Key Concepts: The Language of Language Learning
Understanding the terminology and concepts used in linguistics and language education can significantly enhance your journey to becoming a polyglot. This knowledge base provides precise definitions of key terms, explores fundamental linguistic concepts, and explains the frameworks used to describe language proficiency. Whether you're a beginner seeking to understand the landscape of language learning or an advanced learner looking to deepen your theoretical knowledge, this glossary and conceptual overview will serve as a valuable reference.
Language Proficiency Scales
Measuring language proficiency requires standardized frameworks that describe what learners can do at different levels of competence. Several major scales exist, with the Common European Framework of Reference for Languages (CEFR) being the most widely used internationally.
Common European Framework of Reference (CEFR)
The CEFR, developed by the Council of Europe between 1989 and 1996, divides language proficiency into six levels organized into three broad categories: Basic User (A1 and A2), Independent User (B1 and B2), and Proficient User (C1 and C2).
A1 (Beginner): Can understand and use familiar everyday expressions and very basic phrases. Can introduce themselves and others and ask and answer simple questions about personal details. Can interact in a simple way provided the other person talks slowly and clearly.
A2 (Elementary): Can understand sentences and frequently used expressions related to areas of immediate relevance (personal and family information, shopping, local geography, employment). Can communicate in simple and routine tasks requiring direct exchange of information on familiar matters.

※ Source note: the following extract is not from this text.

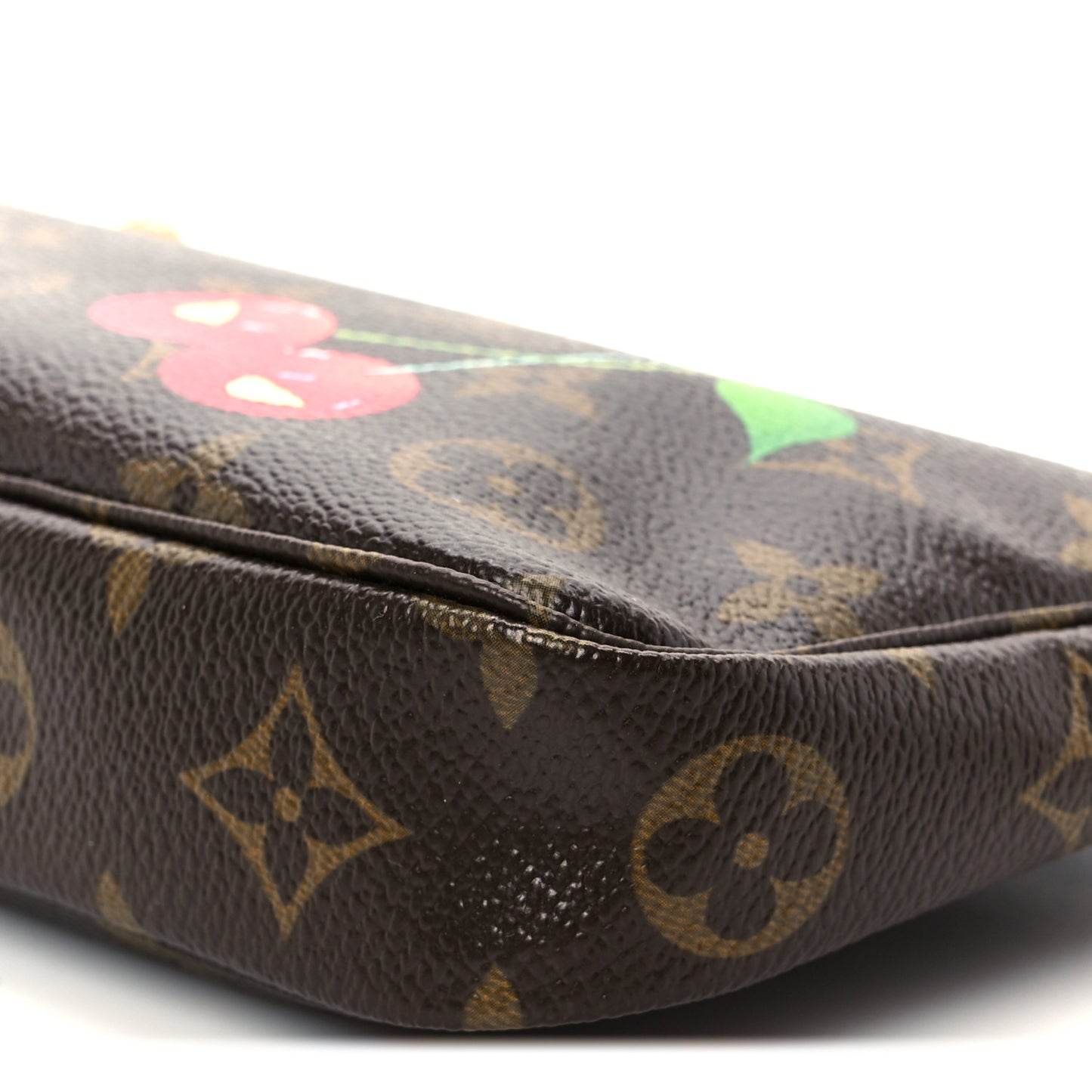 Monogram Cerises Pochette Accessories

B1 (Intermediate): Can understand the main points of clear standard input on familiar matters regularly encountered in work, school, leisure, etc. Can deal with most situations likely to arise while traveling. Can produce simple connected text on familiar topics. Can describe experiences, events, dreams, hopes, and ambitions and briefly give reasons and explanations for opinions and plans.
B2 (Upper Intermediate): Can understand the main ideas of complex text on both concrete and abstract topics, including technical discussions in their field of specialization. Can interact with a degree of fluency and spontaneity that makes regular interaction with native speakers quite possible. Can produce clear, detailed text on a wide range of subjects and explain a viewpoint on a topical issue.

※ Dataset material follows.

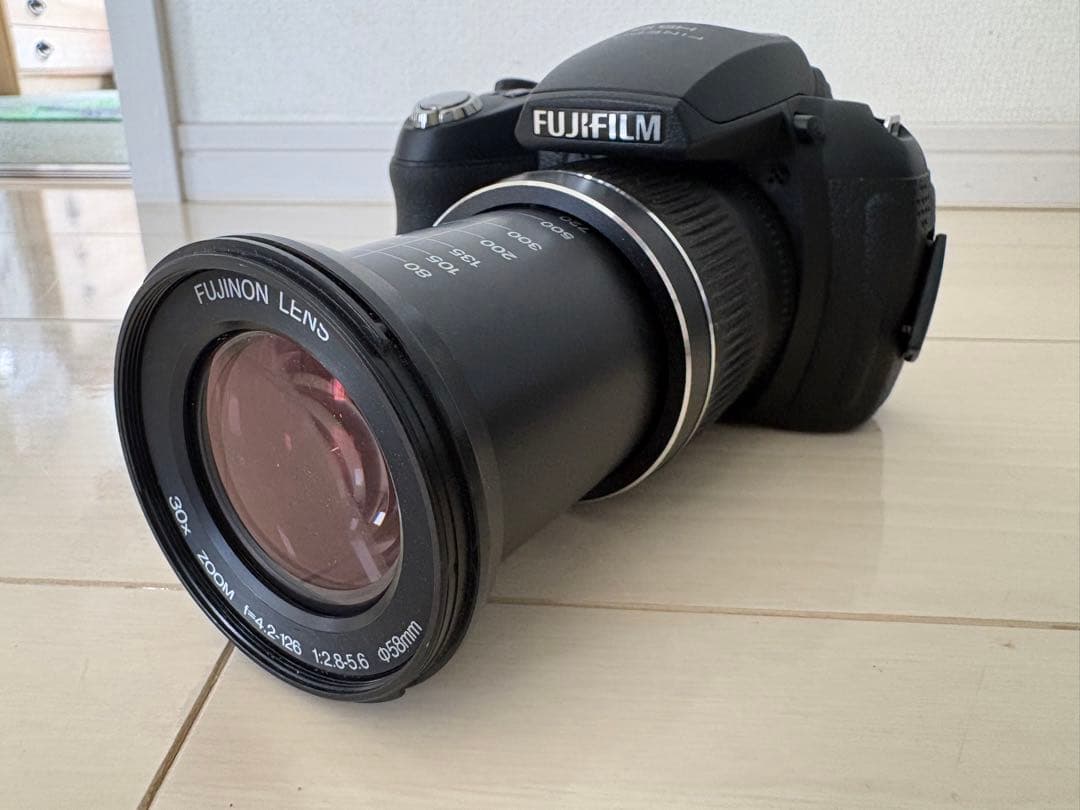 Fujifilm Digital Slrs Hs10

C1 (Advanced): Can understand a wide range of demanding, longer texts and recognize implicit meaning. Can express ideas fluently and spontaneously without much obvious searching for expressions. Can use language flexibly and effectively for social, academic, and professional purposes. Can produce clear, well-structured, detailed text on complex subjects.

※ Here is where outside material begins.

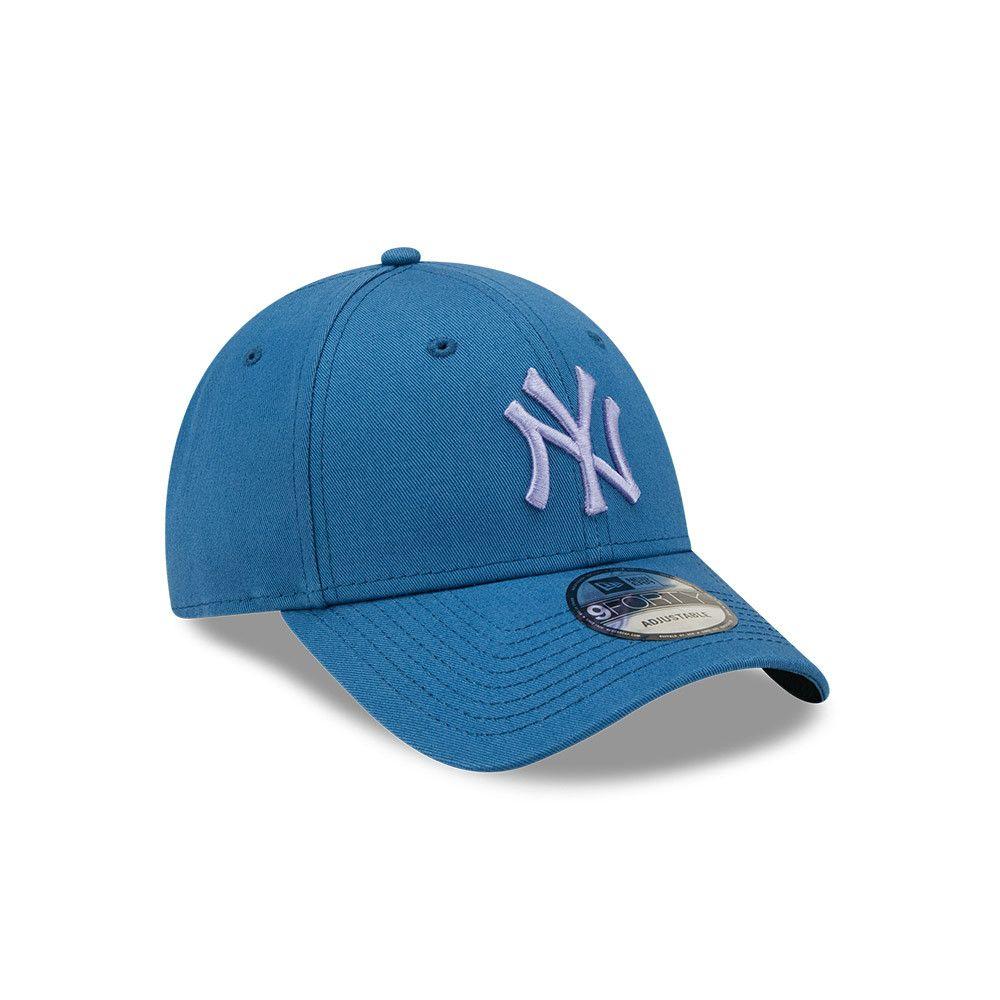 Jockey New York Yankees MLB 9Forty Med Blue - 60222480-1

C2 (Mastery): Can understand with ease virtually everything heard or read. Can summarize information from different spoken and written sources, reconstructing arguments and accounts in a coherent presentation. Can express themselves spontaneously, very fluently and precisely, differentiating finer shades of meaning even in more complex situations.
Other Proficiency Scales
The American Council on the Teaching of Foreign Languages (ACTFL) has developed its own proficiency guidelines, which include levels such as Novice (Low, Mid, High), Intermediate (Low, Mid, High), Advanced (Low, Mid, High), Superior, and Distinguished. These guidelines focus on functional language ability—what learners can actually do with the language—rather than discrete points of grammar or vocabulary.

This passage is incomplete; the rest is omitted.